В таком случае, рассудил Егоров, будут блестеть рельсы, отполированные колесами. Еще он сможет ориентироваться по звездам, держа курс, указанный рабочим, строго на юг. И должна же, наконец, когда-нибудь закончиться эта блядская ночь?

Глава 2

Пирожки с ливером

– Ник, вставай, на первую пару опоздаем.

Это еще кто? Где же правда жизни, люди добрые? И где сам, Егоров? Все еще тащится по шпалам? Не похоже! Нетушки, он в общаге, и друг Водкин орет, будто его шилом ткнули.

Водкин Влад, фаготист, это ведь еще до армии было, в музыкальном училище!

Егоров высовывает из-под одеяла ногу в рваном носке, шевелит пальцем: тик-так. Холодно. Ничуть не лучше, чем в этом хреновом городке, как его… Колодезь Бездонный, всё перемешалось.

Черно-белое кино.

– И кисель варить твоя очередь.

Егоров бежит к умывальнику, чистит зубы пальцем, щетку снова украли. Ищет бритвенный станок, станка нет. Он перепутал: в музыкалке не росли еще у него ни усы, ни борода. На зеркале кто-то зубной пастой начертал: «Жизнь говно!»

На фоне этой истины лицо Егорова – еще не Никиты Николаевича, а просто Никитки – без синих кругов под глазами, брылей на скулах и горестной складки на лбу. И никакого намека на плешь – волосы торчком.

Влад уже воду греть поставил. С таким кипятильником – лезвие бритвы, зажатое между спичками, – через минуту будет готово.

– Снова земляничный, – ворчит Водкин, вынимая из тумбочки последний брикет. – Хоть бы абрикосовый или там яблочный для разнообразия!

Один давит брикет ложкой до крошева, сыплет в кружку, другой размешивает. Водкин разливает кисель по стаканам, остатки батона пополам. Из коридора тянет жареным, Никита втягивает ноздрями пряный воздух. Картошка на смальце, а сверху яичница. На свой вкус, говорит он Владу, он бы еще посыпал данную еду укропом и молотыми, знаешь ли, семенами кориандра.

– Везет деревенским, – говорит Водкин, дуя на кисель. – И почему люди не выбирают, где им родиться?

– А не хотел бы ты родиться негром на острове Бали? Грыз бы бамбук.

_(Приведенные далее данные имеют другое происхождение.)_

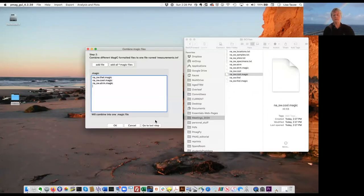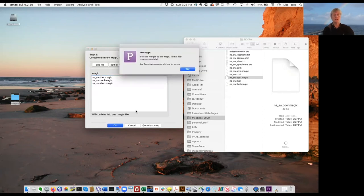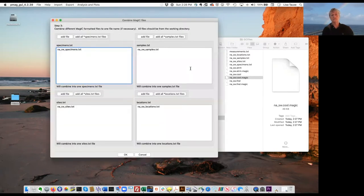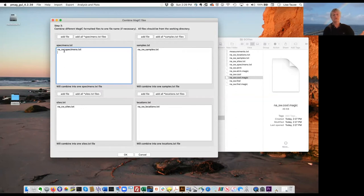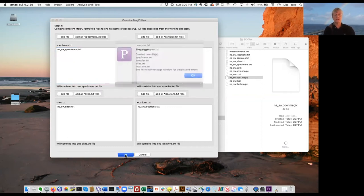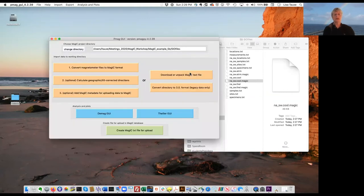Now we can go to the next step, which is to combine all three files into a single measurements table. That will combine these three into a single measurements table. I'll also do the same for the specimen, sample, sites, and locations tables. It searched through and found all the specimen, sample, and sites tables and combined them. In this case there's only one for each table, so it basically copies NA_SW_specimens to something called specimens.txt, which is the standard name required for MAGIC.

– Где этот Бали, ты хоть знаешь?

– Вроде в Африке.

– Сам ты Африка. Хватай гудок, побежали.


Восемь утра. Вместо первой пары лекций – хор, потом обязательное фоно, музлитература, ничего хорошего. Но попробуй прогулять, стипендии лишат, и тогда что?

Хористы собираются в аудитории, похожей на зал прощания в крематории; дежурные, проклиная судьбу, пришли еще раньше, разложили подставки.

Со стороны выглядит как лестница в небо.

Егоров часто развлекал себя фантазией: он поднимается по мосткам вверх, проникает через потолок и ржавую крышу в небо, пронзает облака, чтобы очутиться в ином мире, где небо под ногами, а в вышине – только блюзовая синева и солнце.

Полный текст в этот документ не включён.